Exercise: For this exercise, output the entries below exactly from the line that holds "Contenants de stockage" to the line that holds "Dehavilland Men's Blue", both ends included. No pictures belong in the copy.

Given records:
=== Section Start ===
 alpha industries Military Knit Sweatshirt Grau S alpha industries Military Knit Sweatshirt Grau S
=== Section End ===
=== Section Start ===
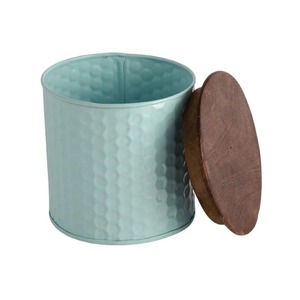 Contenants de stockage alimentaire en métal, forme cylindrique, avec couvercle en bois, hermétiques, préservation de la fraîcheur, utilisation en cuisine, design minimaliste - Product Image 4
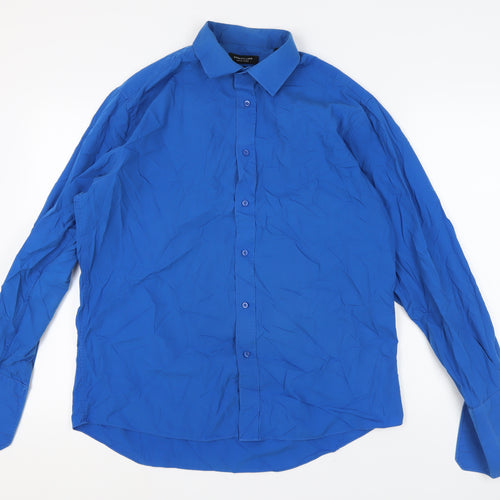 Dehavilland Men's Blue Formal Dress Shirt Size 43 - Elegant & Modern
=== Section End ===
The completed task:
 Contenants de stockage alimentaire en métal, forme cylindrique, avec couvercle en bois, hermétiques, préservation de la fraîcheur, utilisation en cuisine, design minimaliste - Product Image 4
 Dehavilland Men's Blue Formal Dress Shirt Size 43 - Elegant & Modern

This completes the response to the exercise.